時系列データを分析する際のデータサイエンスプロセスと、EDAと特徴抽出とそれらに基づいて異常検知をパッケージ化して社内で使っている話をしました。 パッケージ公開の予定や具体的な手法や手法の使い分けなど議論できました。

他の参加者はShinyを使ったデモ形式で発表している人も多かったので、次回以降はそっちのほうが参加者と議論しやすくてわかりやすいかもと感じました。

3日目

この日のKeynoteでは、The Grammar of Animation(Thomas Lin Pedersen)に参加。主に、インタラクティブグラフやアニメーションの使い所についての話。

スライドはこちら:Keynote

gganimate 数年前に使ったときより、使いやすくなってそうだなと思いました。時間をアニメーションで動かして、散布図が動くやつ一度実データで描いてみたいです。

Talkでは、面白かったものを紹介します。

Statistical Inference: A Tidy Approach using R(Chester Ismay)

スライドはこちら:Statistical Inference: A Tidy Approach

tidyライクな統計的仮説検定を行えるinferの紹介。聞いててテンションがあがりました。まさか統計的仮説検定の各々もtidyベースで実行できるようになるとは…。これはこれから必須のパッケージになる予感です。
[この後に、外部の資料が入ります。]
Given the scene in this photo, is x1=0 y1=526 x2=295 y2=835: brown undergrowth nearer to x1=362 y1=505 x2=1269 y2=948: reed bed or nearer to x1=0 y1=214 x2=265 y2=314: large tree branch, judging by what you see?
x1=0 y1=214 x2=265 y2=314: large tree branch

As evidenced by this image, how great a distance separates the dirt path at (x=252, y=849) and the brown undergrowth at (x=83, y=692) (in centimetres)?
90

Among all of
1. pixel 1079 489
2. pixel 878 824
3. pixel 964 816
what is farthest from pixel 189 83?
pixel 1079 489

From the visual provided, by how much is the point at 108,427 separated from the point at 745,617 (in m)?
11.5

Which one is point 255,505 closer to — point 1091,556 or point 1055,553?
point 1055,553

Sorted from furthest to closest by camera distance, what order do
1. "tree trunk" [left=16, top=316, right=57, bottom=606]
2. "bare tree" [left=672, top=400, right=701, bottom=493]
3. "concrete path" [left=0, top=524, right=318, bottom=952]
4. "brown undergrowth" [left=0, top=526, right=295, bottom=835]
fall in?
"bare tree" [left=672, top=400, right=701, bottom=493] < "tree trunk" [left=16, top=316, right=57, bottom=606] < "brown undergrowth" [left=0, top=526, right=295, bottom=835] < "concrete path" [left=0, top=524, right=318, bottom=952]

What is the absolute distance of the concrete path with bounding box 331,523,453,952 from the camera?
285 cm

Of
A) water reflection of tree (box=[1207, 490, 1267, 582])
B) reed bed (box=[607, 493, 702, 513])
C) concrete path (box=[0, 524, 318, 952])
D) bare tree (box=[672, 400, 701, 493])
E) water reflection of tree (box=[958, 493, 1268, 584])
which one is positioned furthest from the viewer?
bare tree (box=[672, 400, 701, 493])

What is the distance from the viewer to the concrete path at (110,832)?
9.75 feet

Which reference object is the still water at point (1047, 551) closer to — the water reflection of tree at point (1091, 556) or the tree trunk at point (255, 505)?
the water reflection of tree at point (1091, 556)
prioritizr: Systematic conservation prioritization in R(Jeffrey O. Hanson)

GitHub - prioritizr/prioritizr: Systematic conservation prioritization in R

整数計画問題を解くパッケージ。これまた簡単なインタフェースで直感的に制約条件などを設定できそうで便利なパッケージだなーと思いました。研究を進める上で開発したのかなと思いました。

Glue strings to data in R(James Hester)

GitHub - tidyverse/glue: Glue strings to data in R. Small, fast, dependency free interpreted string literals.

使いたいなーと思って使っていなかったglueパッケージ。pasteなどでがんばってprintしていたものを、変数なども分析するときに簡単にprintできたり、formatを揃えることができたりと、便利そうなパッケージ。使ってみて恩恵を感じたいと思います。

Data Preprocessing using Recipes(Max Kuhn)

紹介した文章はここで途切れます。